Walker, 64, grew up in the Fillmore district of San Francisco to a father who worked home construction but came home to a record collection he played for his son. “That was his release,” Walker remembers. “Eating cornbread, drinking buttermilk, and teaching me the blues.”
He had older cousins who were in the Brougham Brothers, a band that played sock hops, weddings and private parties. By age 16, Walker moved out the house, got his musicians union card to join the band, and started his professional career.
This was 1962 and “the hippies hadn’t gotten there yet,” he says.

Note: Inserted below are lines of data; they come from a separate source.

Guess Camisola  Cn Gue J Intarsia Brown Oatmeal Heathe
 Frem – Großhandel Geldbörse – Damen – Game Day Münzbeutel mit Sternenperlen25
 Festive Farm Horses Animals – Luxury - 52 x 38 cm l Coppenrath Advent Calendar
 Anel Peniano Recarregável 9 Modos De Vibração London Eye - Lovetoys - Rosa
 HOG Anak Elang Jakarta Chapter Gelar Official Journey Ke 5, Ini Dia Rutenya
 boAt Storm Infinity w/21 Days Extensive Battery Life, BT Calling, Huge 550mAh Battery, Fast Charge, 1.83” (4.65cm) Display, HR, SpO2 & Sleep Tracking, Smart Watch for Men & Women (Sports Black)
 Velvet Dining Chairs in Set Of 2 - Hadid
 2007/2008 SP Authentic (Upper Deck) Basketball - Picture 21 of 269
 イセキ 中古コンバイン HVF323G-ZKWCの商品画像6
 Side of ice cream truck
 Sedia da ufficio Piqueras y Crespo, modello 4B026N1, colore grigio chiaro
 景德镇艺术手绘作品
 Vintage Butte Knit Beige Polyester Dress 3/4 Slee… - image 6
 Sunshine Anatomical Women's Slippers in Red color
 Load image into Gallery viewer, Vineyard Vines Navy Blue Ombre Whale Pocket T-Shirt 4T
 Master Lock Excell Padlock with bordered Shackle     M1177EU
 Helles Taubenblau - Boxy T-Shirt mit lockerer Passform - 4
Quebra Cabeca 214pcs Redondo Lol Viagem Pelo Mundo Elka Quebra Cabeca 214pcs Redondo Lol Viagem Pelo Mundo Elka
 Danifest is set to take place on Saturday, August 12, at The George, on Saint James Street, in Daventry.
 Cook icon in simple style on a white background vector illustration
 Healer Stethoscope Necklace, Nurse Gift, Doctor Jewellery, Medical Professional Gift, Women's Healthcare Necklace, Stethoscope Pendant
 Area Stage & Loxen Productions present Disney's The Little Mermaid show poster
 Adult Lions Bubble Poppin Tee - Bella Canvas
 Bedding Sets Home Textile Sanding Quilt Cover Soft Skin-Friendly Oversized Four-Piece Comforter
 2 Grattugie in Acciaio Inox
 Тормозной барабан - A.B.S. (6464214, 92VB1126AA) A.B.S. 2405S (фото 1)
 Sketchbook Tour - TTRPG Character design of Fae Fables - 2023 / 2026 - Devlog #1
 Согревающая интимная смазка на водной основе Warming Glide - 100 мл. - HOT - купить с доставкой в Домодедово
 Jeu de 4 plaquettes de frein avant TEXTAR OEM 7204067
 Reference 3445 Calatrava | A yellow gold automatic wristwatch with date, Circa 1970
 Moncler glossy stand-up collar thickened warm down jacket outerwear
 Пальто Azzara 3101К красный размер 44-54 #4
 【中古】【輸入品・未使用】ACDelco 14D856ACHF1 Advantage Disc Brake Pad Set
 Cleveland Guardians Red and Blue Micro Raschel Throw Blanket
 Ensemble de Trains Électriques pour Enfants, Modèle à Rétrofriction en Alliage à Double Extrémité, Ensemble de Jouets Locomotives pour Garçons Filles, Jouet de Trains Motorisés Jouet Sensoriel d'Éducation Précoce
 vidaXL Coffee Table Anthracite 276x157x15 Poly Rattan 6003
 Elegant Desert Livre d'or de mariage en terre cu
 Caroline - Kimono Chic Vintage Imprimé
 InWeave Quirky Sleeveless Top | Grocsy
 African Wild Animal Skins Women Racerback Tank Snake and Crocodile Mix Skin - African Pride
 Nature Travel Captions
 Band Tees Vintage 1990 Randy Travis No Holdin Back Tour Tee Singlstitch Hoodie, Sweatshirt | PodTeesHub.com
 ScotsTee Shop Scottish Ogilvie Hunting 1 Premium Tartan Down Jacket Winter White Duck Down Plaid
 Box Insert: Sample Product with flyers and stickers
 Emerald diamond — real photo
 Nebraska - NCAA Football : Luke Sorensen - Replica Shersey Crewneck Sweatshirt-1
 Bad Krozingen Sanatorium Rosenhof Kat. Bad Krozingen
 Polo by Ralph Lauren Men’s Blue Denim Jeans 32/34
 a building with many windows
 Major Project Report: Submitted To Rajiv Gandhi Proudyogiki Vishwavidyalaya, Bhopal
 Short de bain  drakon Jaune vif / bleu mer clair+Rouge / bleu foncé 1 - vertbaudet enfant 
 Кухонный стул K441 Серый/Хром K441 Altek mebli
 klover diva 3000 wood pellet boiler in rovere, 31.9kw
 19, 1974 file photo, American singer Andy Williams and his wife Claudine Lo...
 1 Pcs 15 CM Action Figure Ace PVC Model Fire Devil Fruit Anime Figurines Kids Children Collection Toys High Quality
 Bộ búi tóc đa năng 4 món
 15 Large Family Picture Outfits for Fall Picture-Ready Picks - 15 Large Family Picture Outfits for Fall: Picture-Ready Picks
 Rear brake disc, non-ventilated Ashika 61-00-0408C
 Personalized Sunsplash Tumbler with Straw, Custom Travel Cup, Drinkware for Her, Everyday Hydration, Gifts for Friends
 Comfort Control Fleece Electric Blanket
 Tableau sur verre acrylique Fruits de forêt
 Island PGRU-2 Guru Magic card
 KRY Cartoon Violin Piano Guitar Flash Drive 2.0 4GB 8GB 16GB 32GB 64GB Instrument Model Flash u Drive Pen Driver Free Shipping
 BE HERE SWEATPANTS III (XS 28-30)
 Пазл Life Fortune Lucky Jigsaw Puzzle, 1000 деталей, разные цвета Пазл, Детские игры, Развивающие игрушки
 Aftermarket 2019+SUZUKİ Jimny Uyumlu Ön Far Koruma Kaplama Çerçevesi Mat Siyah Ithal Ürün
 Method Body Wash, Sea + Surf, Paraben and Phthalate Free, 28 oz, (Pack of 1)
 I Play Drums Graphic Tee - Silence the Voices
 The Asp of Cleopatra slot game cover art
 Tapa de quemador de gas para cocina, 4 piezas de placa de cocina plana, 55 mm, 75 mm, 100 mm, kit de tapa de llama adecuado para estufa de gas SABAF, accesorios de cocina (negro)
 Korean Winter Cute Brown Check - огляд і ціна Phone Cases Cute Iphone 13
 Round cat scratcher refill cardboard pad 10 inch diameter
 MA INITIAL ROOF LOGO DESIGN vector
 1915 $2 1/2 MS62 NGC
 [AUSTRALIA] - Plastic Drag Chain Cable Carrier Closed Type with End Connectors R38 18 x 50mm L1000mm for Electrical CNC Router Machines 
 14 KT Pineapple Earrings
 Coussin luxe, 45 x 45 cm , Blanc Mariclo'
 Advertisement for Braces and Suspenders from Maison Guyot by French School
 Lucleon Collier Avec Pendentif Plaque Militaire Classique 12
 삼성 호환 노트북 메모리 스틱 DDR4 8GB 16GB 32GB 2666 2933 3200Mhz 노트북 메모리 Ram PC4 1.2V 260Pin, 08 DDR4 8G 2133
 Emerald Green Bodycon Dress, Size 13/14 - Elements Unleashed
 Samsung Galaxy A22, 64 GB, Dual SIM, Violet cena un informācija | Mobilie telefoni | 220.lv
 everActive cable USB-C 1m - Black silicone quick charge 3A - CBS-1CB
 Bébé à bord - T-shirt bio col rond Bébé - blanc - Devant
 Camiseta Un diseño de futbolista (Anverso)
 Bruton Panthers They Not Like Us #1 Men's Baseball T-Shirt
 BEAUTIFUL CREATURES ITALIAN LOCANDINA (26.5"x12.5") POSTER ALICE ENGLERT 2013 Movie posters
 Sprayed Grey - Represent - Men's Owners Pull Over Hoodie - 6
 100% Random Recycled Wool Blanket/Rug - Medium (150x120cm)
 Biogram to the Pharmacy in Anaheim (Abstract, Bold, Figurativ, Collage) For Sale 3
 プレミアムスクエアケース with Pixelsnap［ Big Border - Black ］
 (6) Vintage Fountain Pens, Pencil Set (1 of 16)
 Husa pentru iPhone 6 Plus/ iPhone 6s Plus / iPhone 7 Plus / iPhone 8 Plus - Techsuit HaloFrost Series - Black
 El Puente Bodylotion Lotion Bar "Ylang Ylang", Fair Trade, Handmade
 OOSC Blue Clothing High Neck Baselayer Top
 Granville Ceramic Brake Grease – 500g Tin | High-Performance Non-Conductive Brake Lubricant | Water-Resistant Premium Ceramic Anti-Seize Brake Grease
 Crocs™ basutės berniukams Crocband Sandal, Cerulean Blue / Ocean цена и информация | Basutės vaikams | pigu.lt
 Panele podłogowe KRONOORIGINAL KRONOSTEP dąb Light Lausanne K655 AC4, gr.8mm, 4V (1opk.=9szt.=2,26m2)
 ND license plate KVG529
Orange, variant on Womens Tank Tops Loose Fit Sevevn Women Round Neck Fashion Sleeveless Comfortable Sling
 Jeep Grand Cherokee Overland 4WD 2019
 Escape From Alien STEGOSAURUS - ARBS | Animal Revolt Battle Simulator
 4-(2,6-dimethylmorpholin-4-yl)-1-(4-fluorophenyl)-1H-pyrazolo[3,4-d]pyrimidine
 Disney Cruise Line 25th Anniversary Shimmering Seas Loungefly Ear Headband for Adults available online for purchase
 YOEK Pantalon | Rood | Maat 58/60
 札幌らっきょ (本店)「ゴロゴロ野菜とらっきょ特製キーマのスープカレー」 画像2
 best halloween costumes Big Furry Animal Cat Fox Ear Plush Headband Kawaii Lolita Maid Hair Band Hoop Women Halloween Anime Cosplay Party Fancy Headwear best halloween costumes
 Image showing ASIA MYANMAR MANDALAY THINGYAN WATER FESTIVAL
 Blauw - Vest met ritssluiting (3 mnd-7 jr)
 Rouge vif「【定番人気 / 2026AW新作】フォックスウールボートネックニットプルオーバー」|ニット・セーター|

From a battle of the bands to gigs at the Fillmore Auditorium to a regular gig at The Matrix, a mainstay club in town. (“I saw James Brown before he got a brand new bag,” he says.) Walker spent the decade playing blues and R&B hits of the day to eventually sharing bills with acts as diverse as the Grateful Dead, Ike Turner, Ornette Coleman, Howlin’ Wolf, and Jefferson Airplane.
“The music was the conduit for bringing all kinds of people together,” he remembers. “Everybody was touched by it because people became a little more tolerant of other people. You’d see people coming from places like Chicago and New York, people wanting to leave uptight surroundings and being able to just literally let their hair down. Unfortunately all good things come to an end.”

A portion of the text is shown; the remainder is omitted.